The Sixth Wave Alliance grouping aims to link the robotics expertise of Australian researchers with Australian industry, which could benefit from autonomous systems.
By many measures, autonomous systems are having and will continue to have a strong impact on our lives. Consider the popularity of drones, the looming adoption of autonomous vehicles, and the frequent news stories about how technology is tipped to shake-up employment.
According to the International Federation of Robotics, the number of robots in factories globally in 2020 will have more than doubled since 2014, reaching three million.
There are signs that Australia is getting serious about the creation and adoption of automation technologies. One is the development of a Robotics Roadmap, led by the Australian Centre For Robotic Vision to gauge capabilities and future direction.

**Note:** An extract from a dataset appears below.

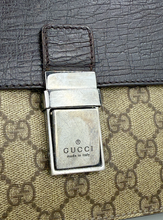 GUCCI GG SUPREME CLUTCH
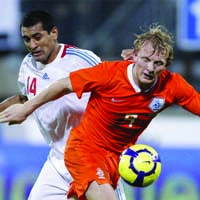 Belanda Kembali Kacamata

Another sign is the Sixth Wave Alliance (SWA) announcement at the International Conference on Robotics and Automation, held this past May in Brisbane, the first time ever in the Southern Hemisphere. SWA exists to develop a national robotics research and development strategy, and to link government, industry and researchers.
Setting goals
“We have an MOU and it’s been published with three main goals,” said Fred Pauling, Data61’s Sensing and Processing Architectures Team Leader. A leading data innovation group, Data61 is a part of CSIRO.
“Goal number one is to change the narrative in Australia around robotics and automation technology from what’s traditionally been an overtly negative narrative,” Pauling said, “to one where it’s actually more balanced and even more of a positive, where people can actually see that there are very significant benefits to the adoption of this technology in Australia and in Australian terms of safety and productivity.”
The other two goals are to foster industrial adoption, which in Australia is well below other advanced economies, and help create an ecosystem that can translate research into private business.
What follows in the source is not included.